● SOURCE RECORDS:
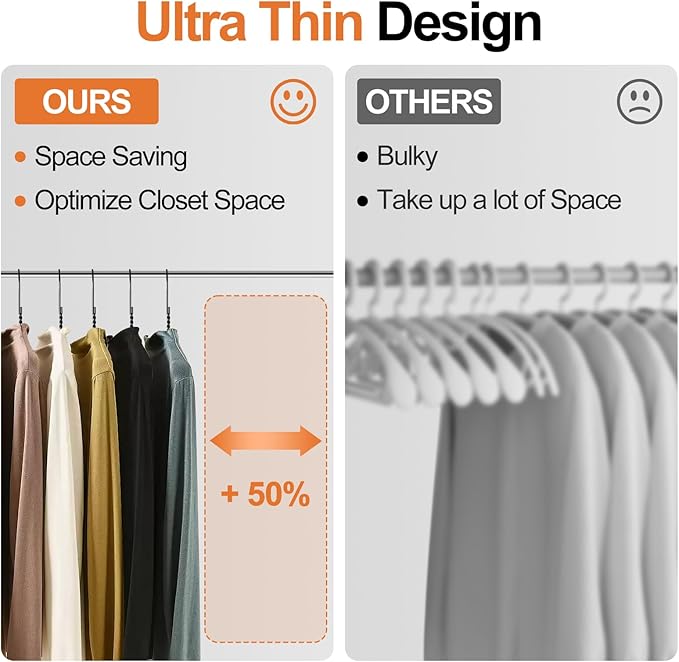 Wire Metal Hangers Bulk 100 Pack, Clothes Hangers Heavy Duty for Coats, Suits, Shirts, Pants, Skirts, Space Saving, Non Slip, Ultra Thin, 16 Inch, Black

...

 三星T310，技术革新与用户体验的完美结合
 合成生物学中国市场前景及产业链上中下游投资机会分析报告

● HOW TO COMPLETE THIS TASK: Copy the stretch of the records above that runs from the line with "三星T310，技术革新与用户体验的完美结合" through the line with "合成生物学中国市场前景及产业链上中下游投资机会分析报告". Both end lines belong in the copy, and nothing else does.

● RESULT FOR THIS EXERCISE:
 三星T310，技术革新与用户体验的完美结合
 合成生物学中国市场前景及产业链上中下游投资机会分析报告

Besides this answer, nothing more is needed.